-- SOURCE DATA follows --
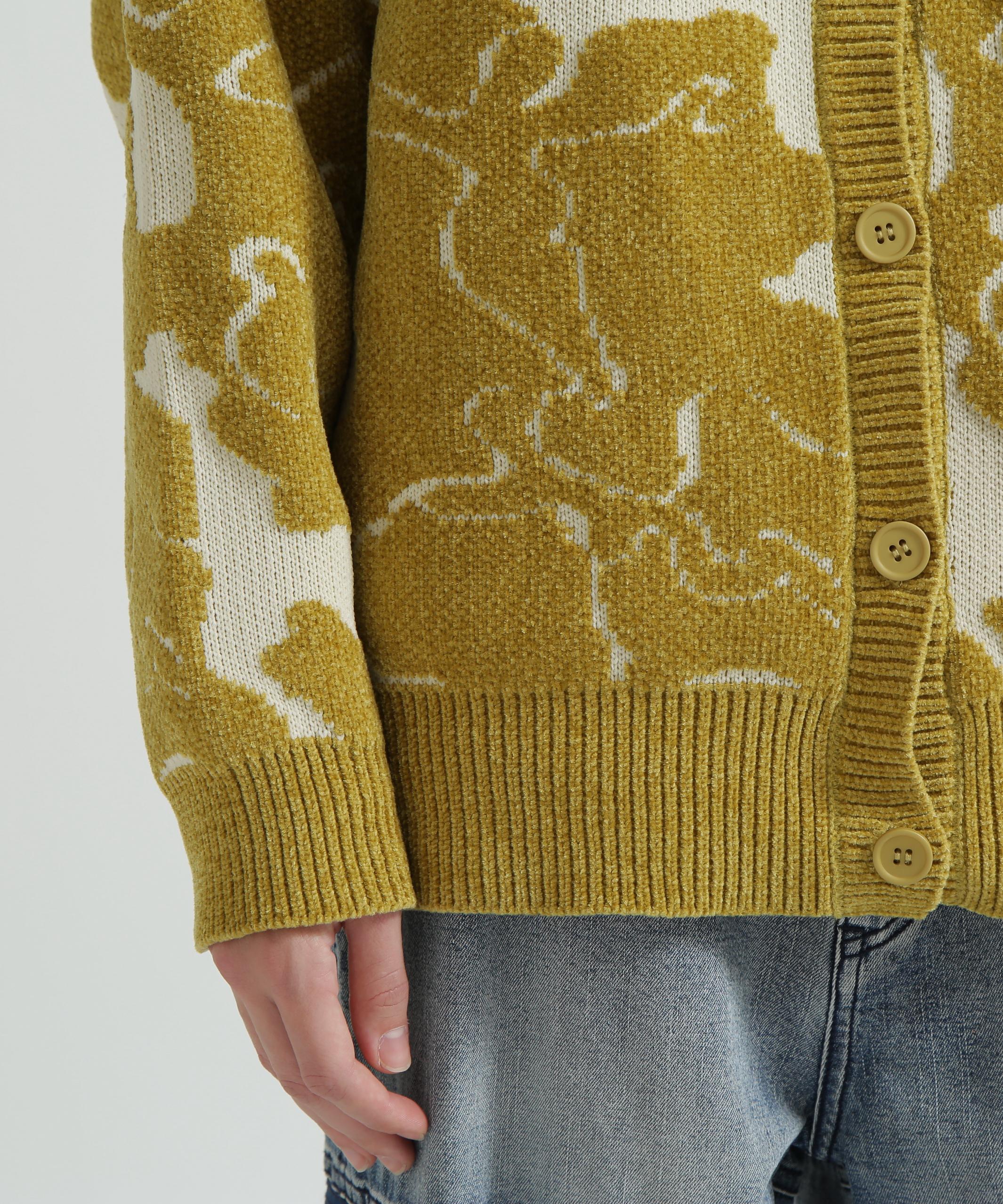 《直営店限定》BOUCLE CAMO KINT CARDIGAN イエロー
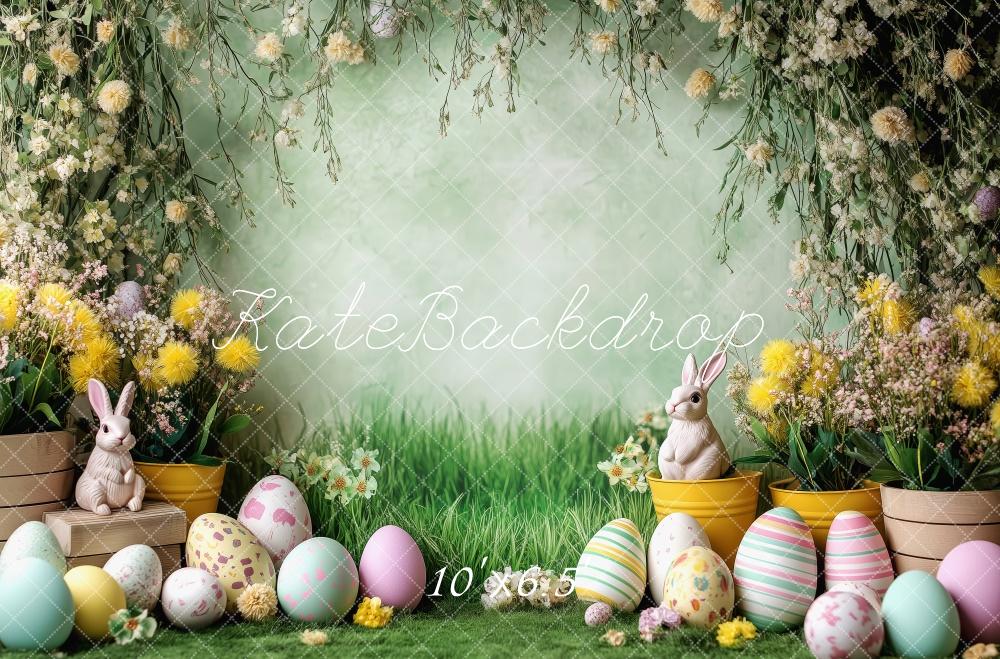 Kate Ostern Hase Ei Blumen Bogen Hintergrund von Patty Roberts - Kate Backdrop.de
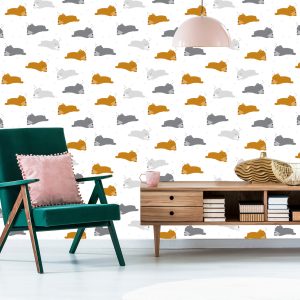 Papier Peint Ours En Peluche Endormi Les Étoiles Lunes – Image 6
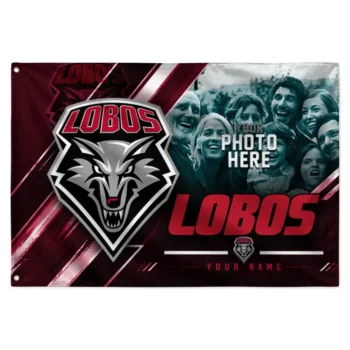 New Mexico Lobos House Flag Personalized Diagonal Stripes Red Best Selling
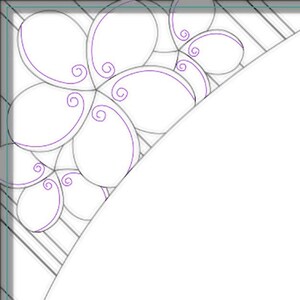May include: A black and white illustration of a decorative frame with a floral design in the corners. The frame is made up of lines and curves, creating a geometric pattern. The floral design is made up of overlapping circles and swirls.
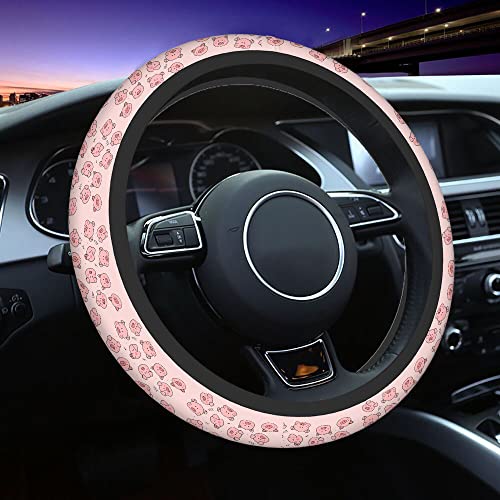 Swono Pig Cute Auto Car Steering Wheel Cover for Women Girls Funny Cartoon Cute Pigs Pink 15 Inch Steering Wheel Protector Case,Fits for Automotive Car SUV Sedans - color: multi-055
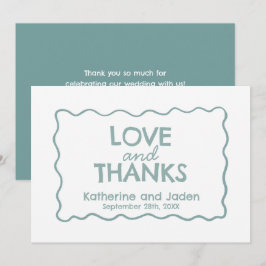 Blue Whimsical doodle wedding Flat Thank You Card Dankeskarte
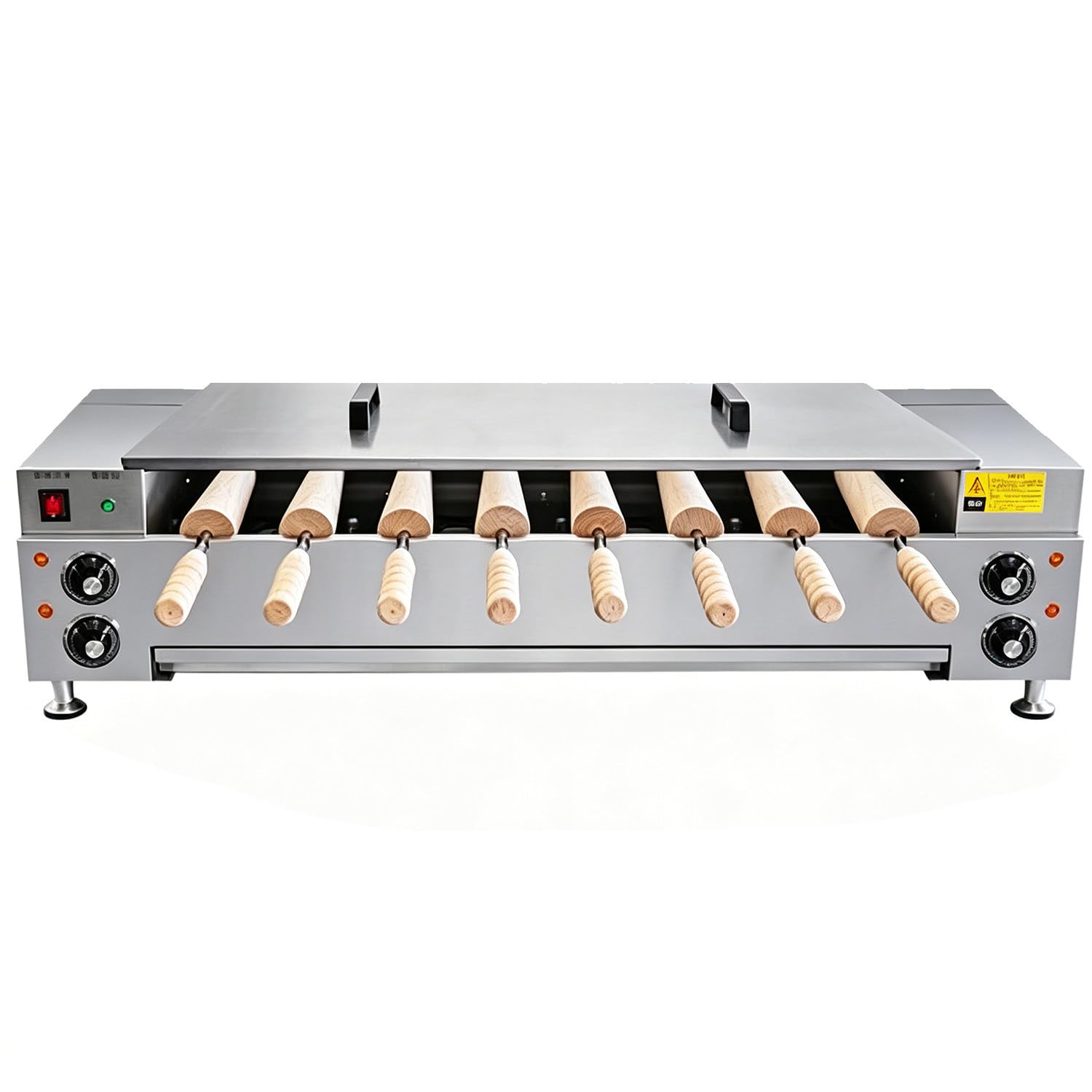 Qiang Electric Chimney Cake & Bread Roll Oven, Ice Cream Cone Maker, High Power Non-Stick Rollers, Knob Control, for Bakery & Dessert Shop 8pcs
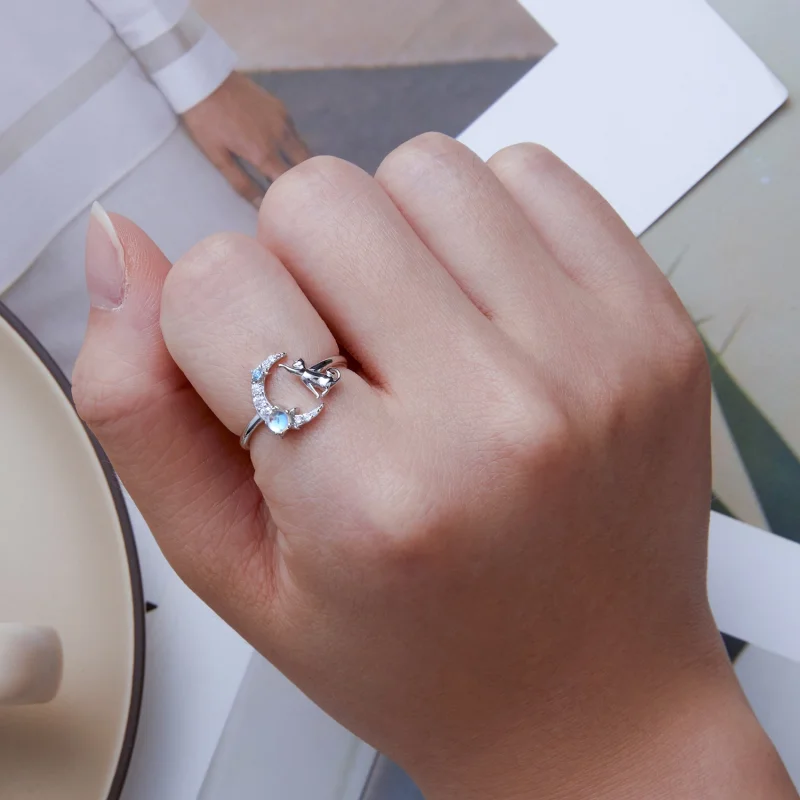 (afbeelding voor) Pandora Style Maan Kat Open Ring - BSR315 - Bekijken 6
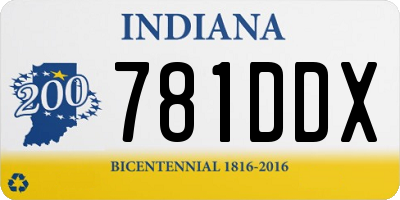 IN license plate 781DDX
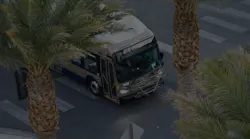 RTC bus drives down a street with palm trees on either side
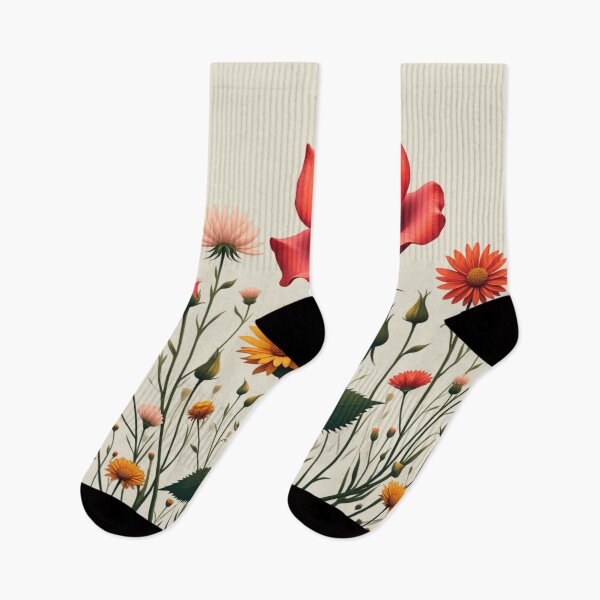 Item preview, Wildflowers and Red Rose in Middle - Ivory Cream Background #5007ICR designed and sold by Wildflower Rose.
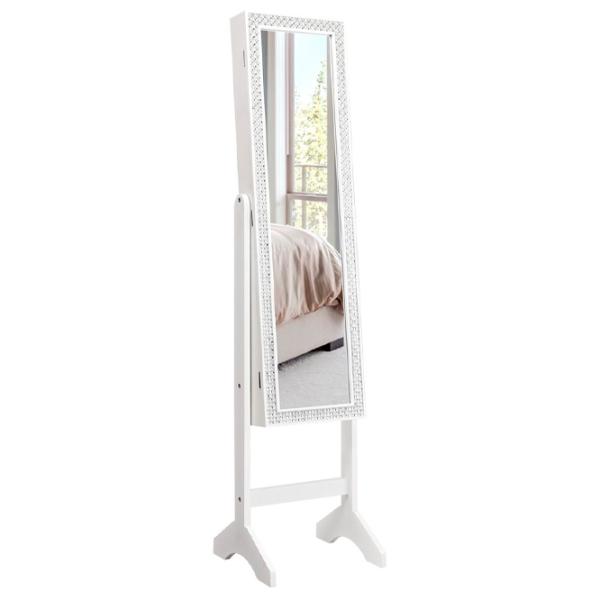 Dulap pentru bijuterii Costway JV10079WH 35.5 x 33 x 153 / MDF / White photo 1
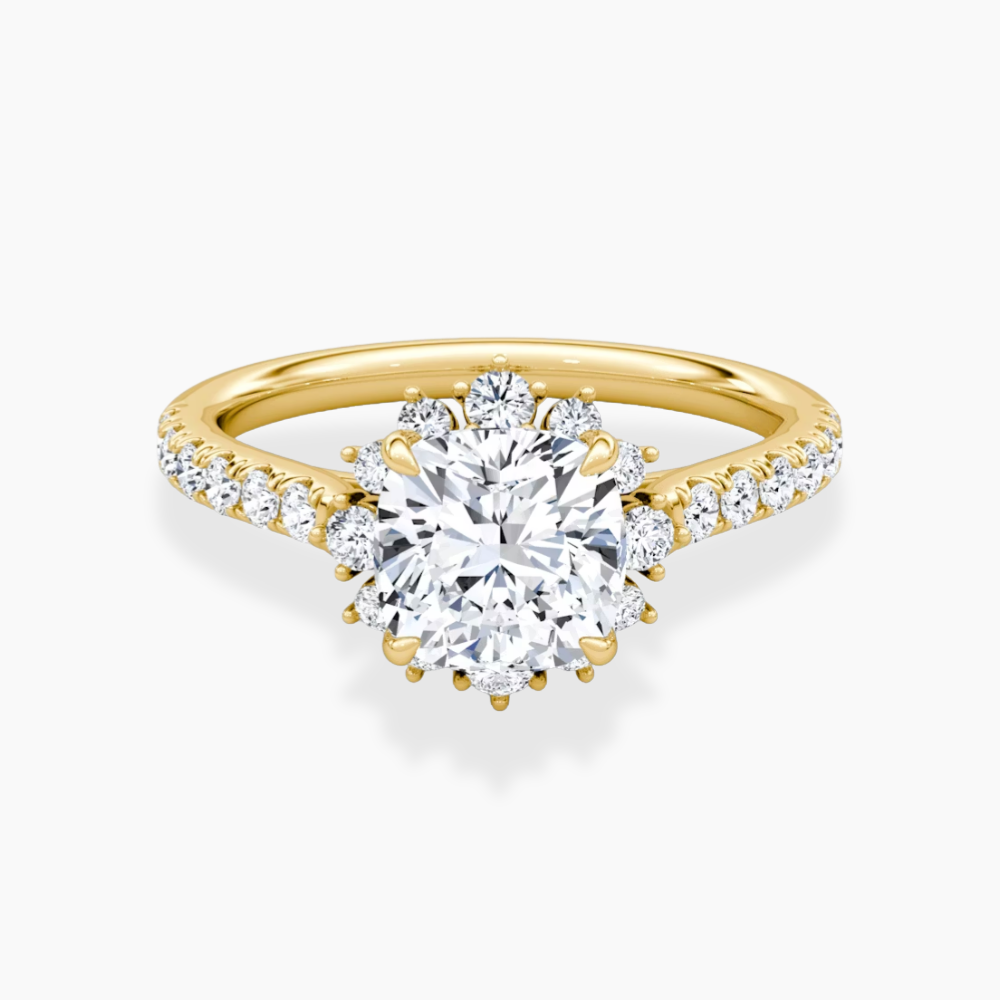 Charlene Vintage Halo Pave Cushion Lab Grown Diamond Engagement Ring in 18K Gold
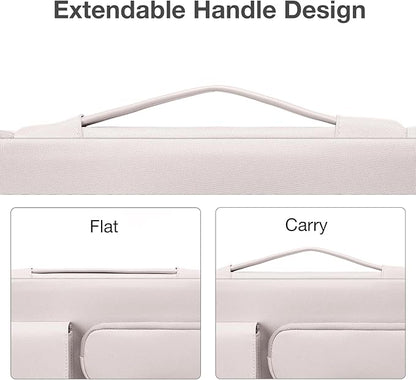 MOSISO 360 Protective Laptop Case 13.3 inch, 13-13.3 inch Laptop Sleeve Compatible with MacBook Air/Pro 13 / Pro 14, HP Dell ASUS Lenovo, Side Open Bag with 2 Raised&1 Flapover Pockets, Stone Gray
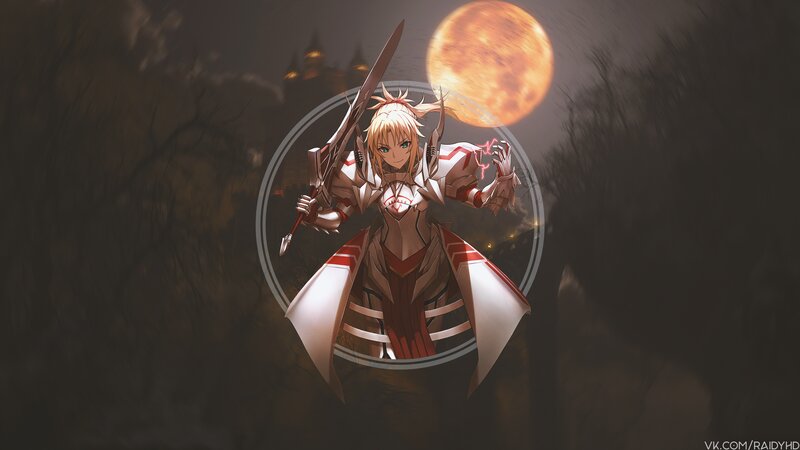 Blonde Knight with Sword — White, Dramatic, Night, Anime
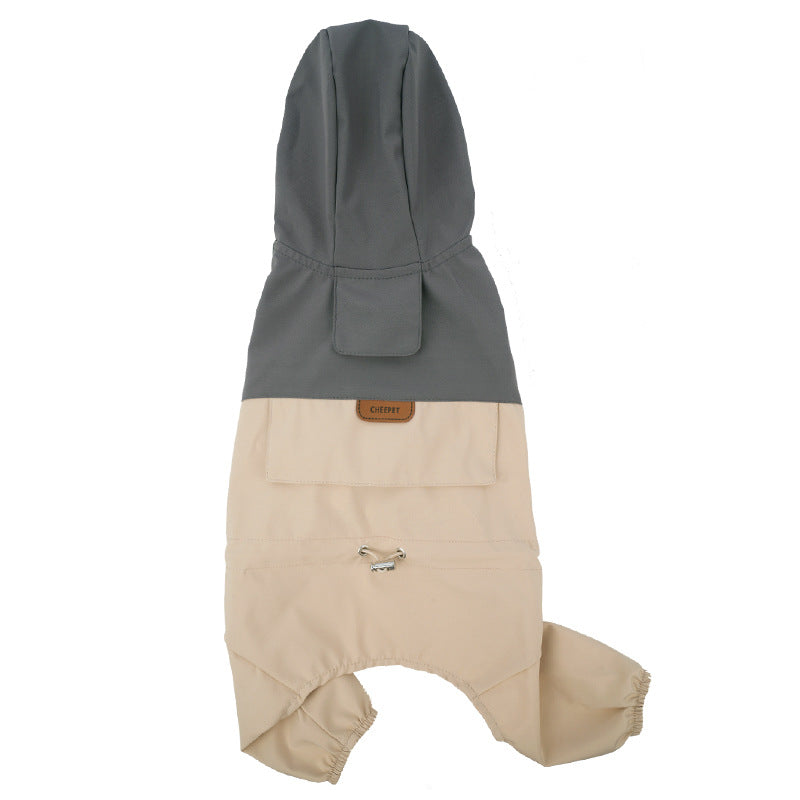 Waterproof 4-Leg Raincoat Windbreaker for Small and Medium Dogs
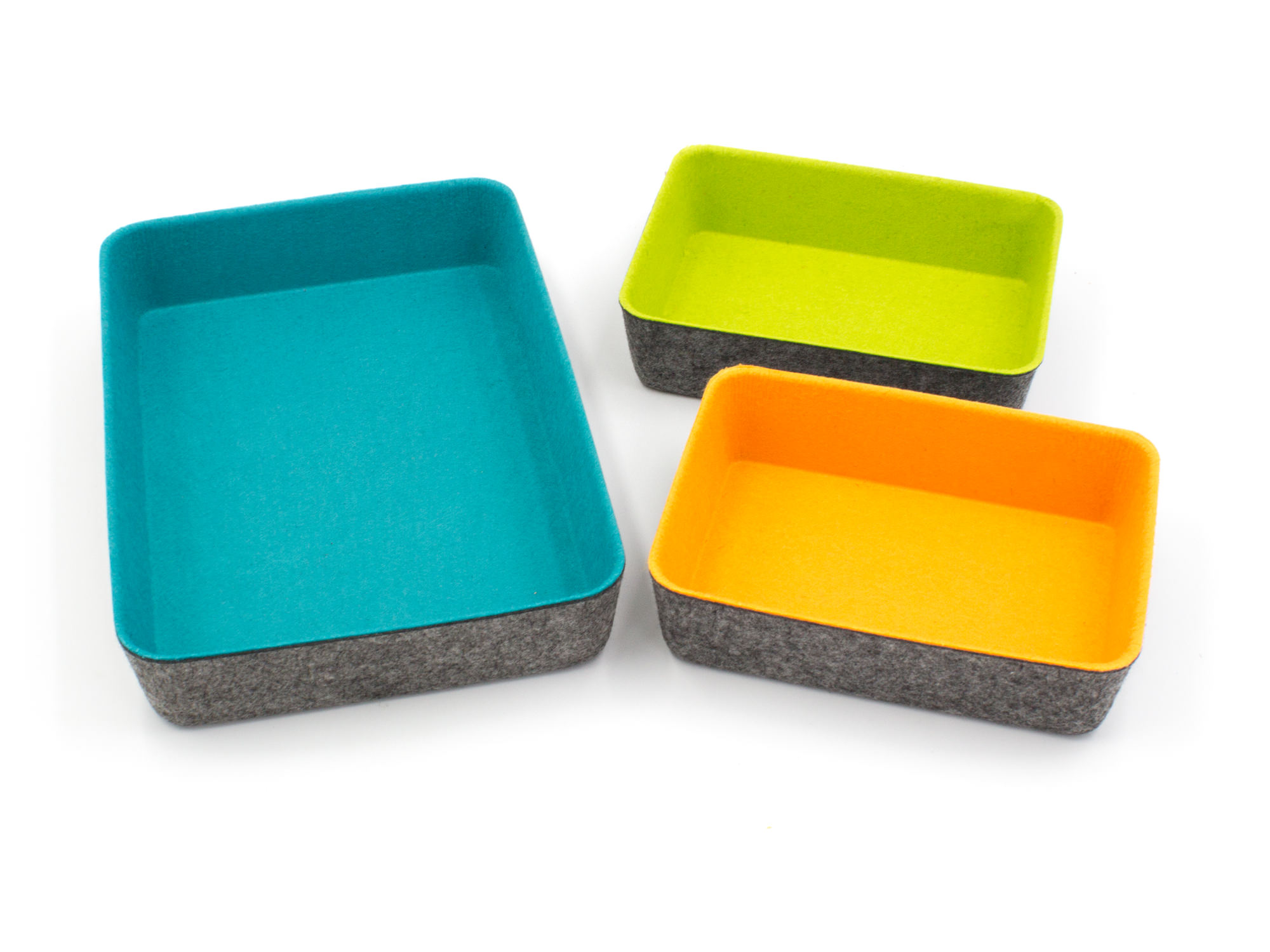 Stylish felt office boxes in a set of 3 (wide)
-- SOURCE DATA concluded --
ACTIVITY: Beginning with the line that contains "Waterproof 4-Leg Raincoat" and ending with the last line of the data above, output those lines exactly and nothing more, without any pictures.

THE COMPLETED TASK:
 Waterproof 4-Leg Raincoat Windbreaker for Small and Medium Dogs
 Stylish felt office boxes in a set of 3 (wide)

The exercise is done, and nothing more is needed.